===== GIVEN DATA

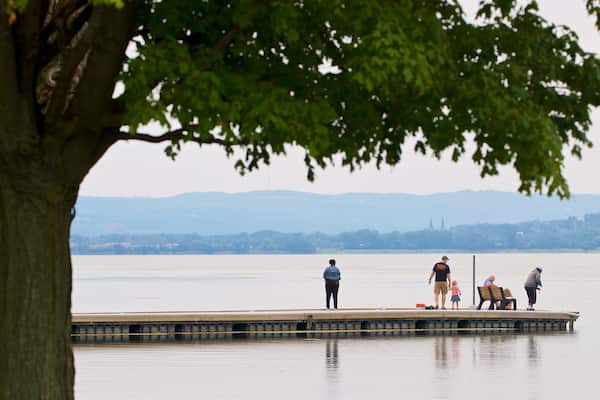 Onondaga Lake Park which includes a lake or waterhole as well as a small group of people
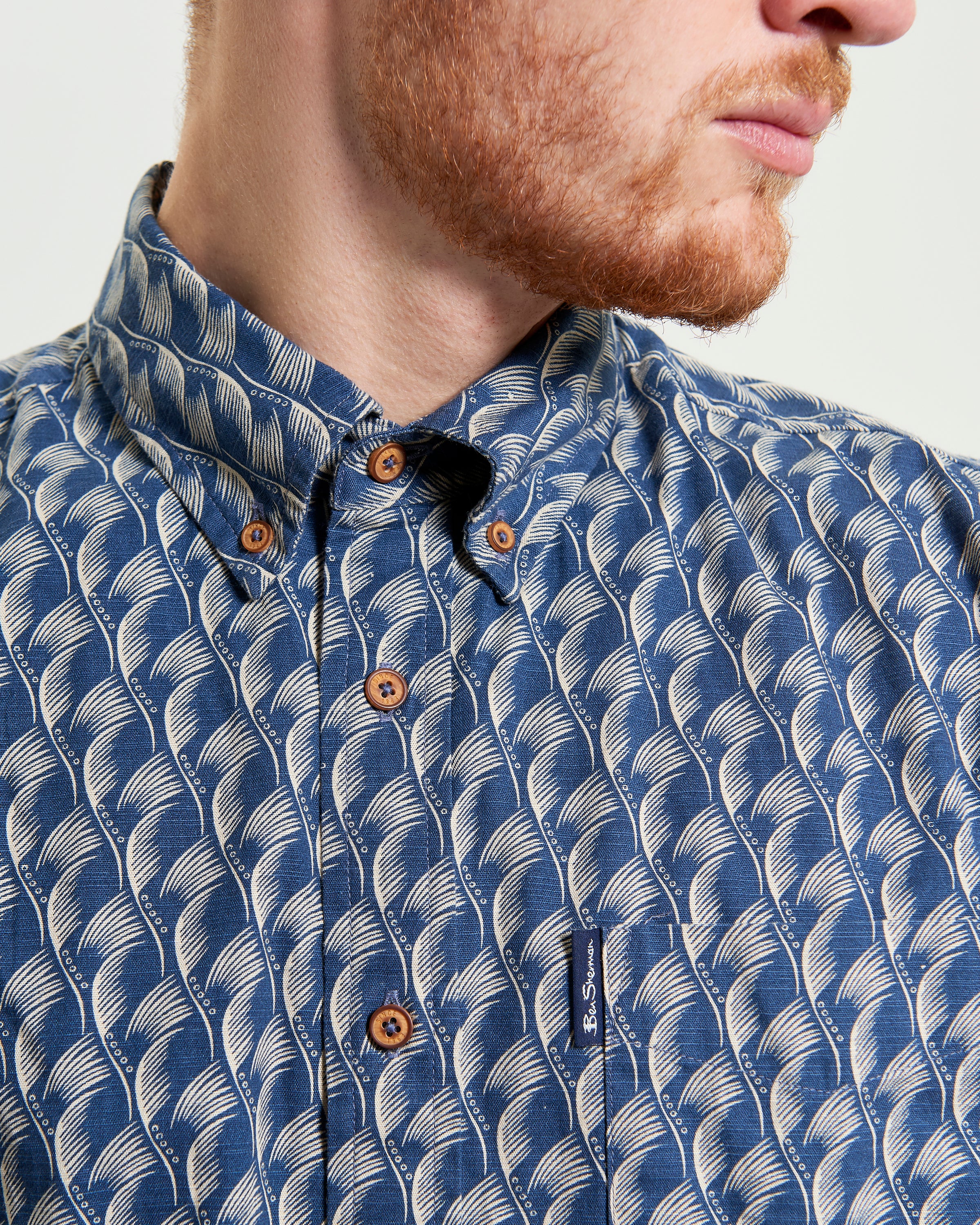 Block Leaf Print Shirt – Stylish cotton shirt with bold leaf pattern and button-down collar.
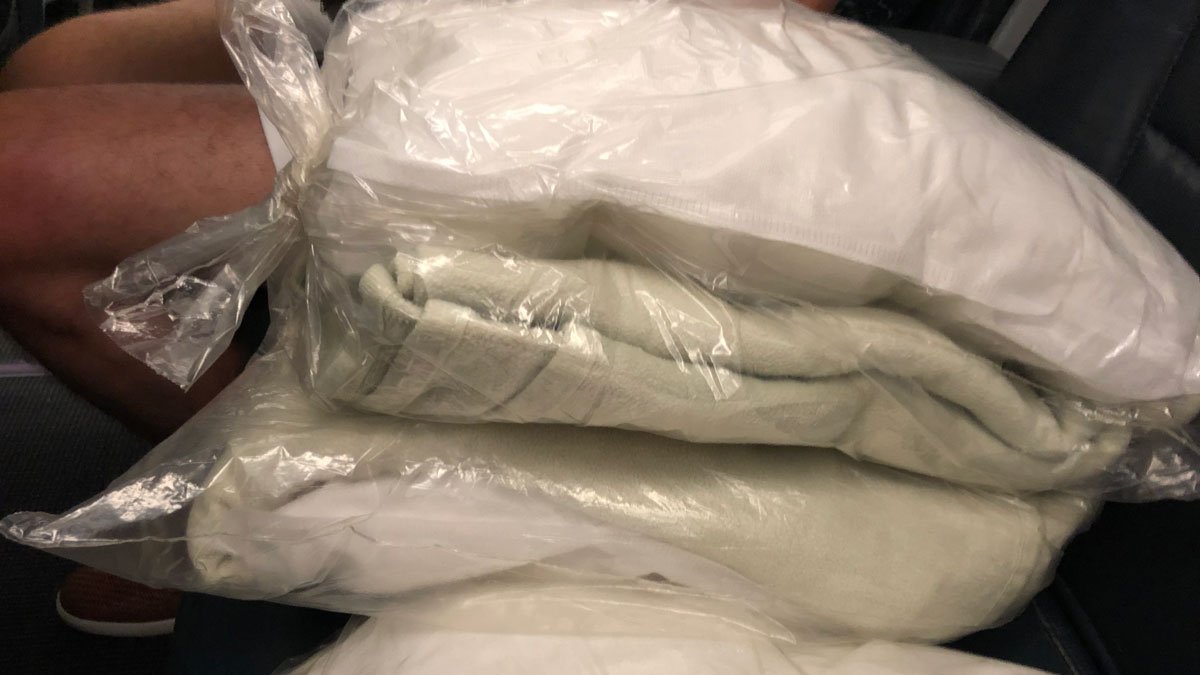 a stack of white blankets in plastic bags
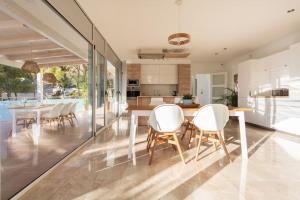 een keuken en eetkamer met een tafel en stoelen bij Villa Paraíso in Castelldefels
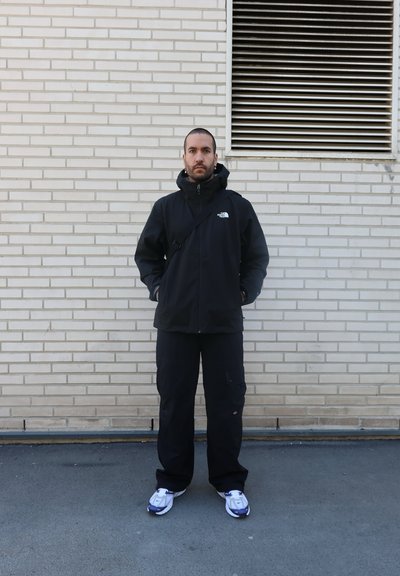 Chaqueta negra impermeable con capucha, frente con cremallera y logo. Pantalones cargo negros y zapatillas blancas con acentos morados. De pie frente a una pared de ladrillo.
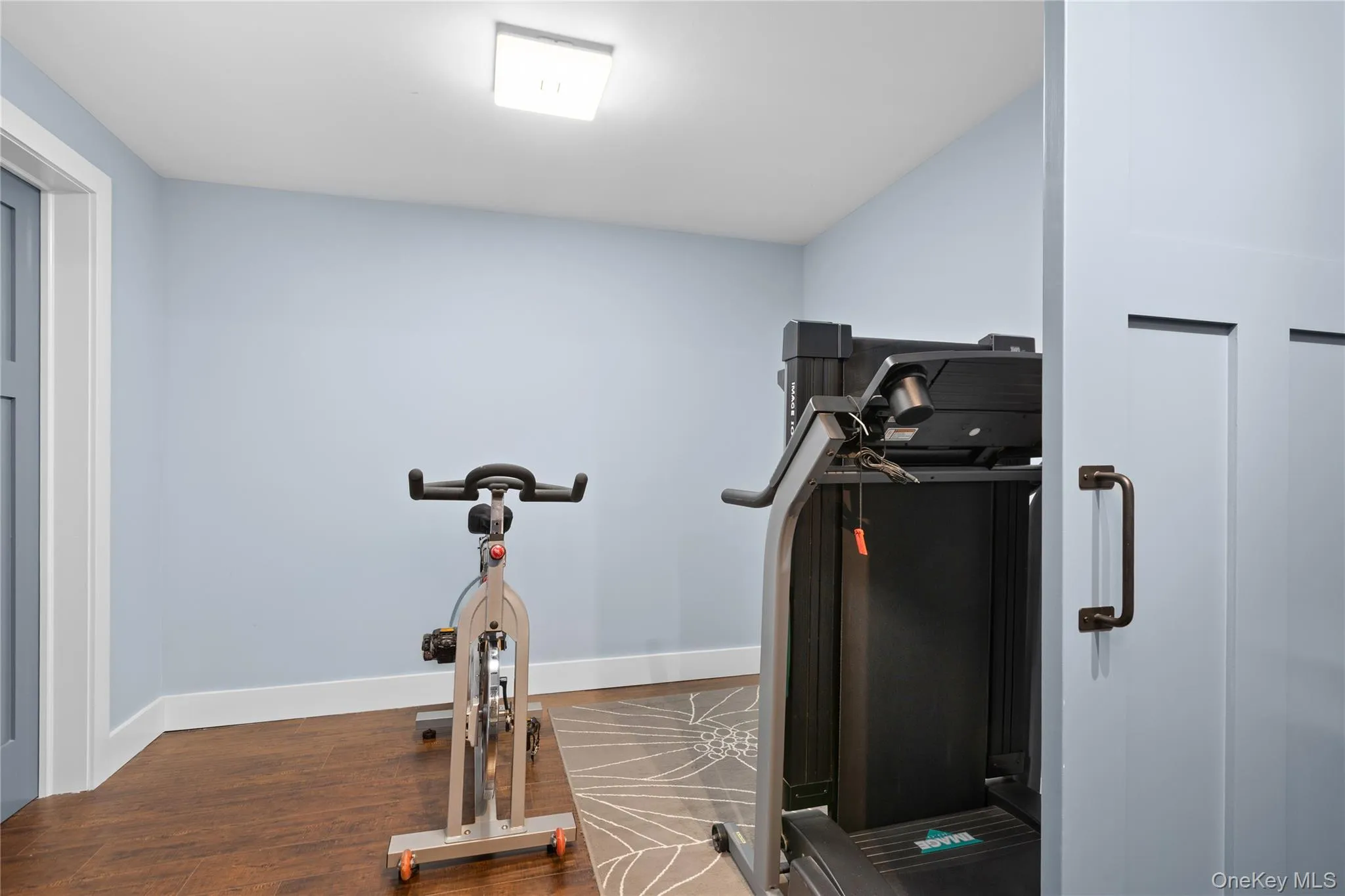 Flexible room with light blue walls and hardwood flooring. Flexible room with light blue walls and hardwood flooring.
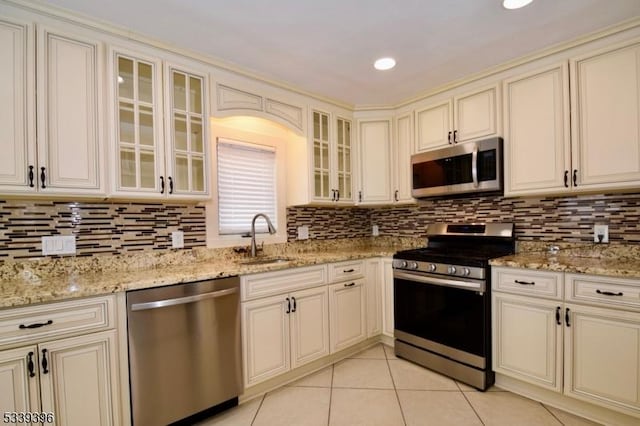 kitchen featuring light tile patterned floors, cream cabinets, appliances with stainless steel finishes, and a sink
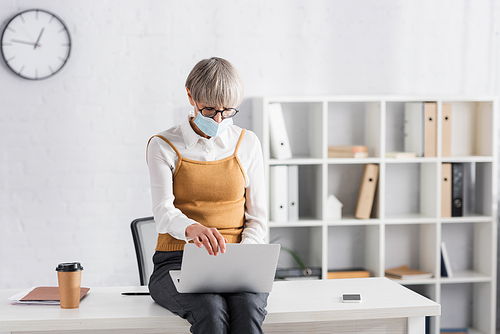 middle aged team leader in glasses and medical mask using laptop while sitting on desk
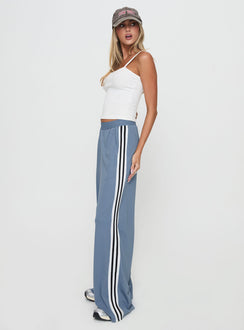 side view of model wearing Princess Polly Dime Track Pants Blue High Waisted Pants 
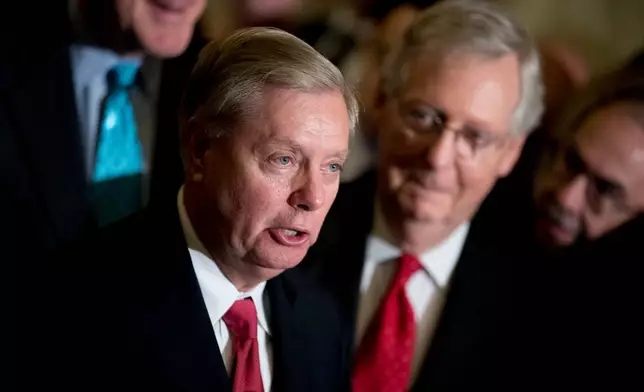 FILE - Sen. Lindsey Graham, R-S.C., flanked by Senate Majority Leader Mitch McConnell, R-Ky., right, speaks to reporters at the Capitol in Washington, Sept. 26, 2017. (AP Photo/Andrew Harnik, File)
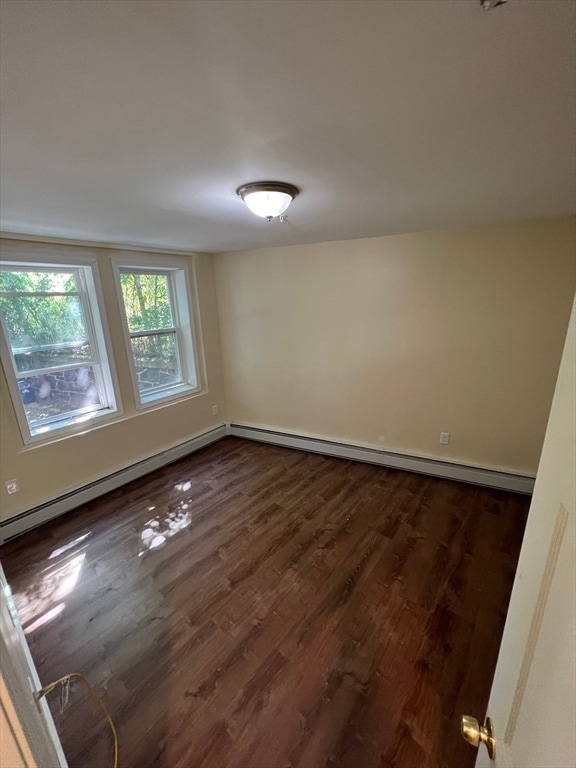 unfurnished room featuring baseboard heating and dark hardwood / wood-style floors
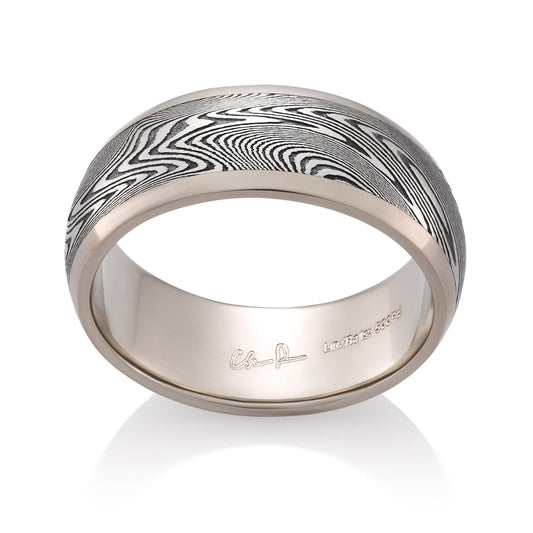 Silver ring with a Damascus steel pattern on a white background.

==========

TASK ITEM
I'd like the lines above repeated exactly, from the one that contains "middle aged team" through the one that contains "FILE - Sen.", with no pictures.

EXERCISE ANSWER
 middle aged team leader in glasses and medical mask using laptop while sitting on desk
 side view of model wearing Princess Polly Dime Track Pants Blue High Waisted Pants 
 FILE - Sen. Lindsey Graham, R-S.C., flanked by Senate Majority Leader Mitch McConnell, R-Ky., right, speaks to reporters at the Capitol in Washington, Sept. 26, 2017. (AP Photo/Andrew Harnik, File)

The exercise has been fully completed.